Uma das razões porque sou um apaixonado (mas não um fanático) pela editora DC Comics são as histórias e séries publicadas mais ou menos entre meados da década de 80 e meados da primeira do século XX. Vinte anos de risco que deram algumas das mais emblemáticas BDs da minha vida, fora e dentro do mundo dos super-heróis. Foi com pesar que assisti à lenta queda da qualidade e inclinação adulta da editora (coincidente com a entrada do editor-chefe Dan Didio). Mas é com igual alegria que, recentemente, tenho recuperado a fé que tinha na maturidade das escolhas da DC. Começou com vendas fracas e com a reacção a elas: DC Rebirth - o electrochoque dado à ala dos super-heróis; experimentações como Young Animal; as personagens da Hanna Barbera; o ressurgimento da linha Elseworlds; e este Wildstorm.

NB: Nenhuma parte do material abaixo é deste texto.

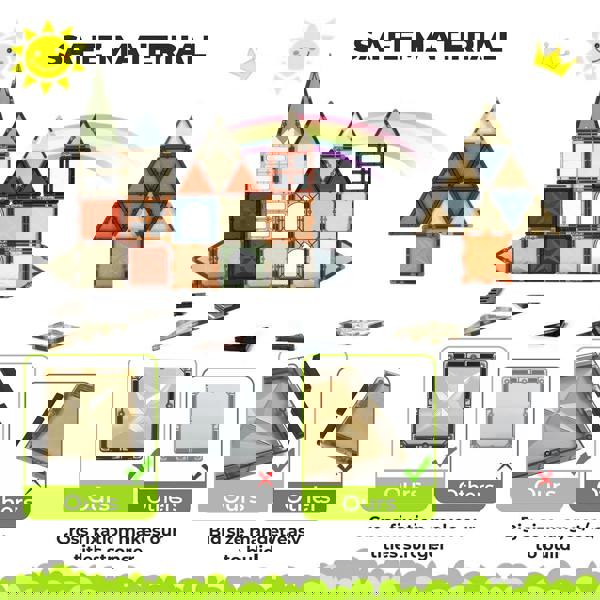 Dekko Magnetic Building Blocks Kids Magnetic Tiles Educational Construction Toy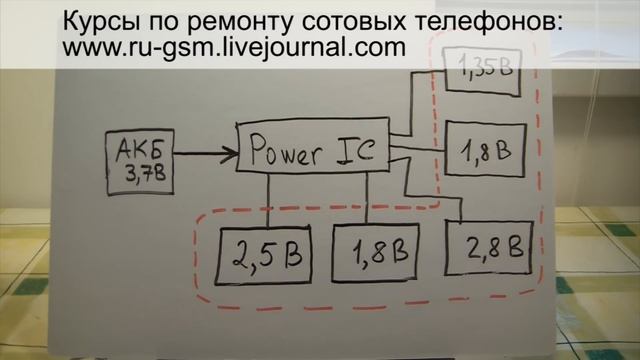 Схема работы контроллера питания (Power IC) смотреть онлайн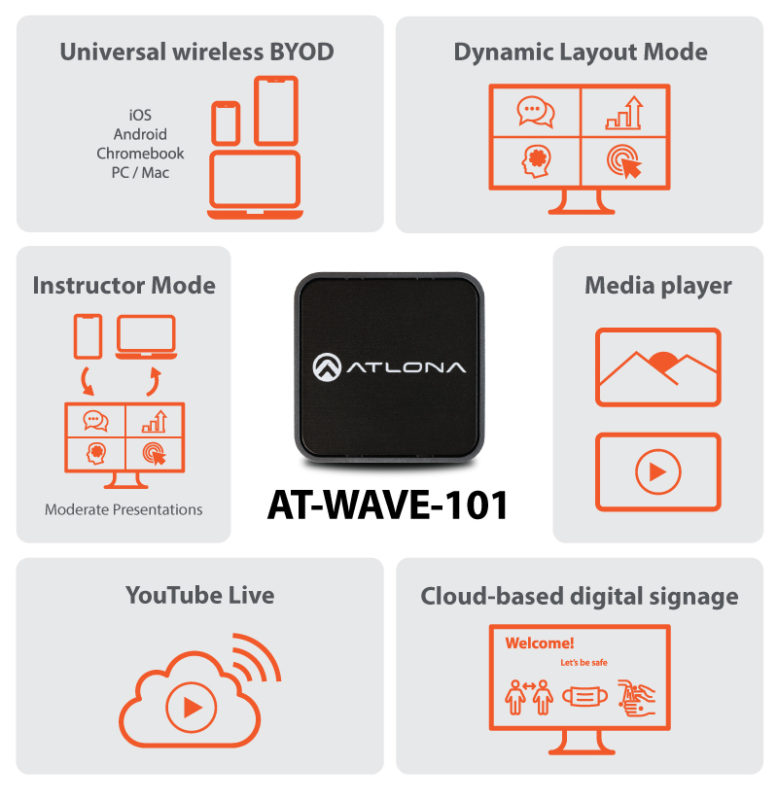 Atlona® AV Solutions – Commercial & Education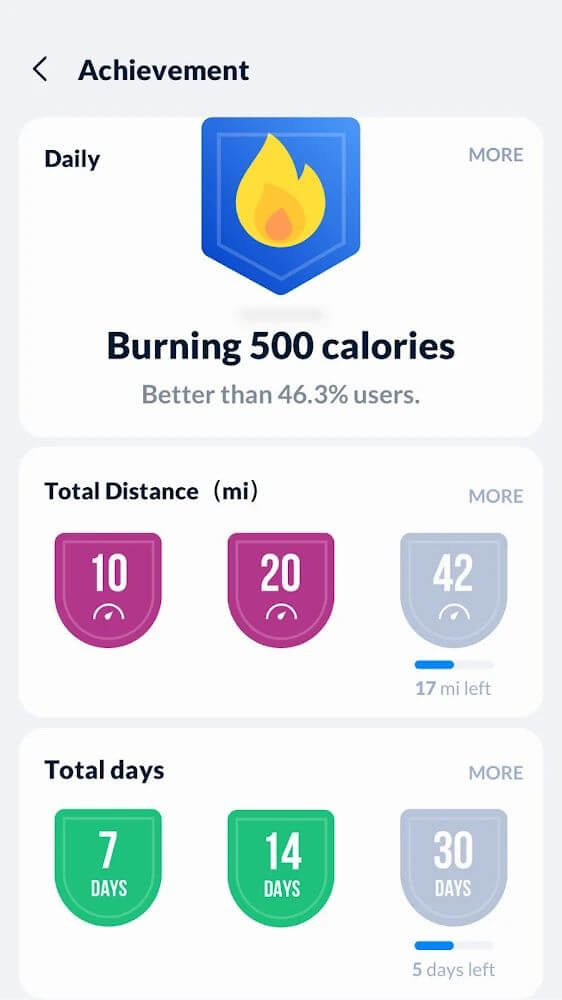Step Tracker screenshot 5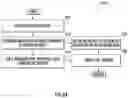 Fig. 08 - Methods and apparatus for synchronizing uplink and downlink transactions on an inter-device communication link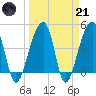 Yeamans Hall tide chart for Tuesday, March 21, 2023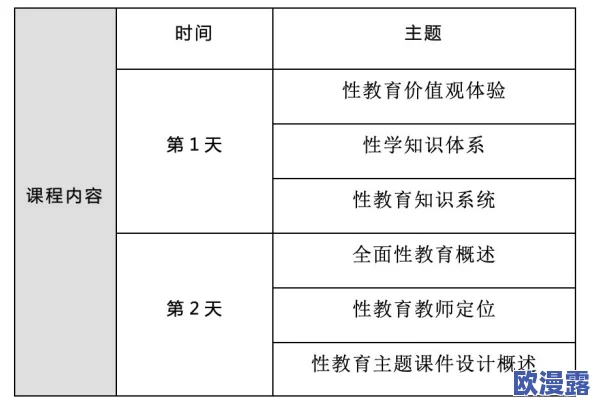 性xxxxfreexxxxxvideos:最新研究揭示性教育对青少年心理健康的重要影响,专家呼吁加强相关课程设置 性xxxxfreexxxxxvideos:最新研究揭示性教育对青少年心理健康的重要影响,专家呼吁加强相关课程设置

Wildstorm pertencia ao autor Jim Lee, um dos fundadores da Image no início da década de 90, e era uma das subdivisões dessa mítica editora. Anos mais tarde, separar-se-ia da casa-mãe e acabaria por ser adquirida pela DC Comics. Há semelhança de outras aquisições, as personagens de vertente super-heroística seriam absorvidas pelo universo do Super-Homem e afins, passando a viver aventuras conjuntas (o evento Novos 52 de 2011, onde a editora começava tudo do zero, serviu para juntar os mundos da DC e da Wildstorm). Eis que se passam meros sete anos e Jim Lee decide voltar a isolar o seu universo e entrega as rédeas criativas ao escritor Warren Ellis, autor de alguns dos maiores sucessos da Wildstorm antes da junção com a DC: Authority; Planetary; para citar dois favoritos pessoais e obras de reconhecida importância sísmica.

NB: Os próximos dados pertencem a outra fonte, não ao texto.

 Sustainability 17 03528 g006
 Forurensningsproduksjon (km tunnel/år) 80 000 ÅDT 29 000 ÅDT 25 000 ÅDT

Ellis decidiu recomeçar zero e contar um épico em 24 partes. As personagens são reconhecíveis para quem leu algo da antiga Wildstorm, mas é apenas isso: familiaridade. De resto, nada têm a ver. Como o zeitgeist deste meio da década de 10 do século XXI é outro, o escritor inflecte a escrita para uma sensibilidade ultra-tecnológica, sem perder a sua assinatura super-sónica, focando-se em personalidades duras, ultra-competentes e perigosamente sarcásticas. O mundo deste The Wildstorm é um mundo Ellisiano, de conspirações, de pouca fé na natureza humana e de risco constante à escala multiuniversal. A violência, à semelhança de Extremity é, desculpem o trocadilho manhoso, extrema, coreografada e assustadoramente bela. Arrisquem-se a ler mas façam-no de uma assentada. Porque esta é do tipo de séries cuja complexidade apela a uma leitura atenta e focada. Finalmente, não é todo de descurar o trabalho do desenhista Jon Davis-Hunt, uma surpresa em capacidade de desenho e do contar de uma história. A coreografia não seria a mesma.